Experimenting with the LeRobot S101

Some good, some not so good, and clarifications on the documentation

Summary:

About a month ago I got a Lerobot kit from Wowrobo. I’ve assembled the leader and follower arms, teleoperated the units and also collected data and trained a model to perform tasks. So far the documentation has been easy to follow. However, there have been some hiccups and they are documented here:

Prerequisites

HF Lerobot documentation: https://huggingface.co/docs/lerobot/so101

Wowrobo kit – https://shop.wowrobo.com/products/so-arm101-diy-kit-assembled-version-1?variant=46588641607897

Issue #1Power Supplies

Maybe it’s different for different motors ( mine was Feetech ), but the leader and follower arms have different power supplies and they make a big difference. The Leader has a 30W 5V, while the follower has a 36W 12V power supply. This tripped me up several times when the board would lose motor ids in a middle of a run.

Issue #2Training

So you’ve collected your teleop data and are ready to train. There are several options

  1. Locally – I would not recommend training a model locally as this is VERY slow and I have an M3 Macbook Pro – and it may be days before you get to 10K steps
  2. Google Colab – this is an alternative for those who are GPU Poor and the option I ultimately used. The HF instructions have a page that walks you through setting it up here. However, the free tier just gives you a T4, which works if you set batch = 1 and then you’ll have to hope you won’t run out of memory. If you want the beefier A100, which will train 100k steps in about 5 hours, you’ll either have to upgrade to Colab Pro or pay as you go. The PAYG option works if you’re doing a one time deal, but you’ll have to babysit the notebook otherwise it’ll disconnect ( I observed this happens every 90 minutes ) and then you’ll have to start over, unless you mounted the output to your own Google Drive ( see below ). The Colab Pro method is supposed to cause less disconnects, but your mileage may vary. As of today, $10 ( 100 credits ) will train your model with some credits left over.
  3. GPU Providers. There’s plenty to choose from, but then you’ll have to do your own setup.

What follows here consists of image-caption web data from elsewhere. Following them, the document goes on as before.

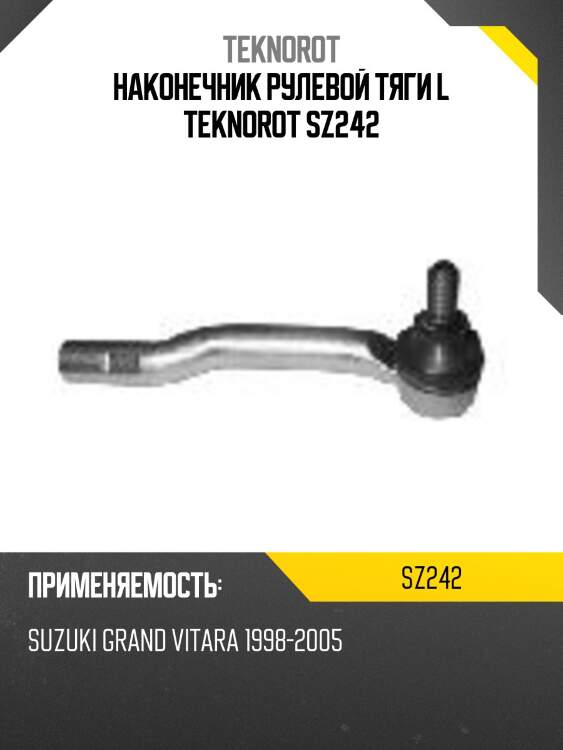 Наконечник рулевой тяги l teknorot sz242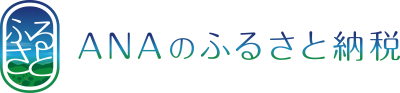 ANAのふるさと納税(鹿児島県南九州市のサイトへリンク)(外部リンク)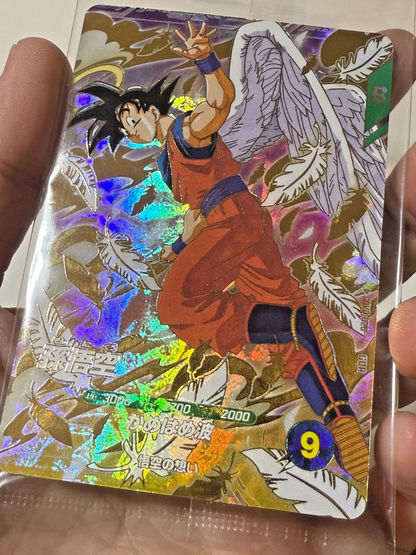 694504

Mounting your google drive to your Colab notebook. Do this in Colab to save your checkpoints so you can resume if you’re disconnected.

from google.colab import drive
drive.mount('/content/drive')

Issue #3Missing model.safetensors file

When it came time to exercise my newly trained model, I discovered the model.safetensors file wasn’t around. I’m still not sure what happened, but make sure as checkpoints are written to check for this file otherwise all that training is for naught.

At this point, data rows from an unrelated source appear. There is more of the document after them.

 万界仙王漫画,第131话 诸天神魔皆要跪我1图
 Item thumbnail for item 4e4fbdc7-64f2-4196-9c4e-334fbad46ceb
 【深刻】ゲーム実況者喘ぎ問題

I used the following command line, which is different from the one published in HF.

!python lerobot/src/lerobot/scripts/lerobot_train.py --dataset.repo_id=dpang/record-test --policy.type=act --output_dir=drive/MyDrive/outputs/train/act_so101_test --job_name=lr_20251211_0949 --policy.device=cuda --wandb.enable=true --policy.push_to_hub=true --policy.repo_id=dpang/my_policy --save_freq=1000 --batch_size=2

Issue #4

Running inference

In order to properly exercise the model, make sure to uncomment/add the telelop arguments to command line provided by the HF instructions, otherwise you can’t reset the scene. I’m not sure why it’s commented out in the example, you really need it between episodes.

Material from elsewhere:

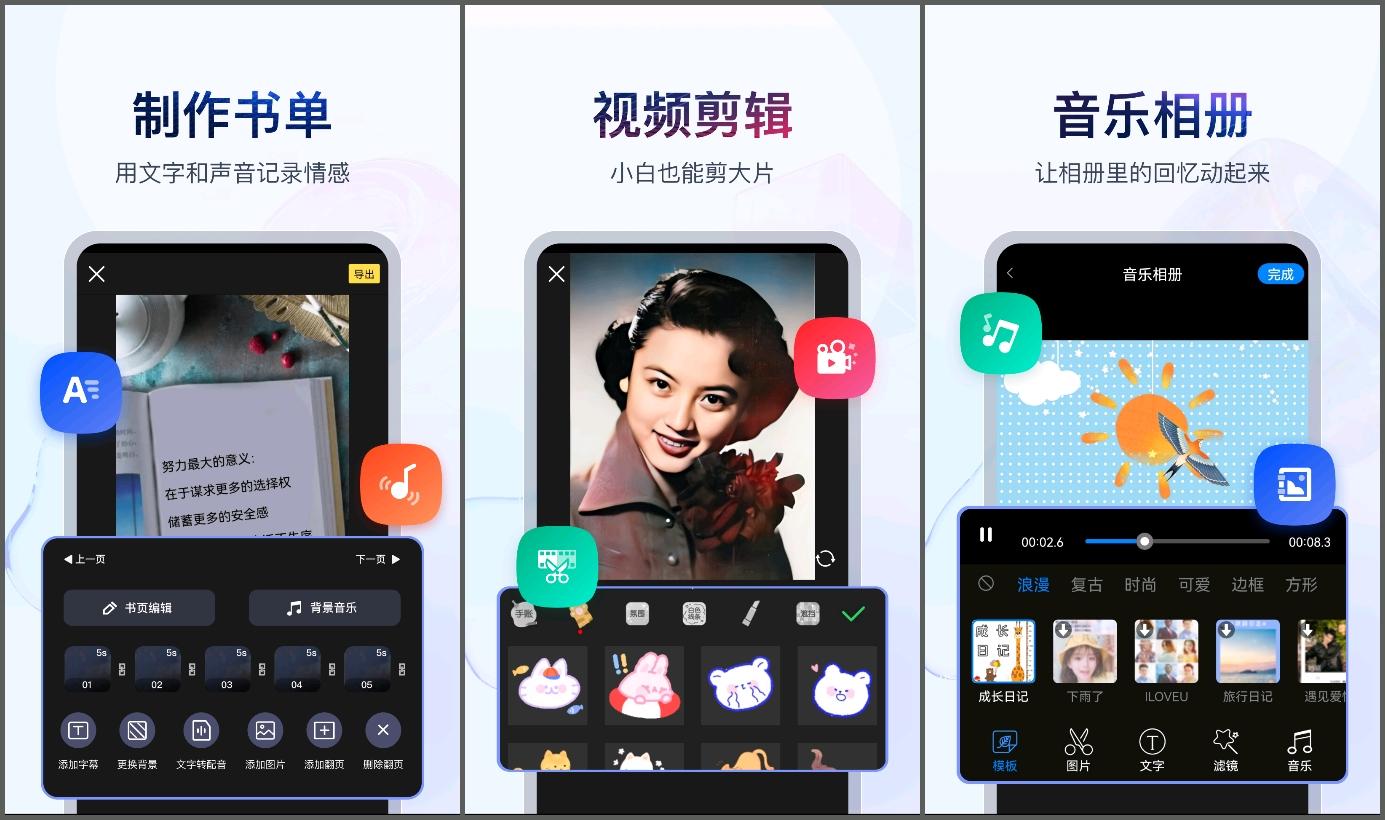 图片[2]-短视频制作APP-三青资源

lerobot-record  --robot.type=so101_follower  --robot.port=/dev/tty.usbmodem5AB01812601   --robot.cameras="{front: {type: opencv, index_or_path: 0, width: 1920, height: 1080, fps: 30}, top: {type: opencv, index_or_path: 1, width: 1920, height: 1080, fps: 30}}"  --robot.id=le_follower_arm  --display_data=false  --dataset.repo_id=dpang/eval_test  --dataset.single_task="Push cup forwrd"  --policy.path=/Users/dpang/dev/lerebotHackathon20250615/lerobot/outputs_push_cup/train/push_cup_test/checkpoints/100000/pretrained_model --teleop.type=so101_leader --teleop.port=/dev/tty.usbmodem5AB01788091 --teleop.id=le_leader_arm

Issue #5

Colab line to train pi05

So inference with the ‘act’ model went smoothly, but when it came time to try the ‘pi05’ model, things didn’t work as expected. The documentation here for the colab to the train the model didn’t work. I used the line below instead.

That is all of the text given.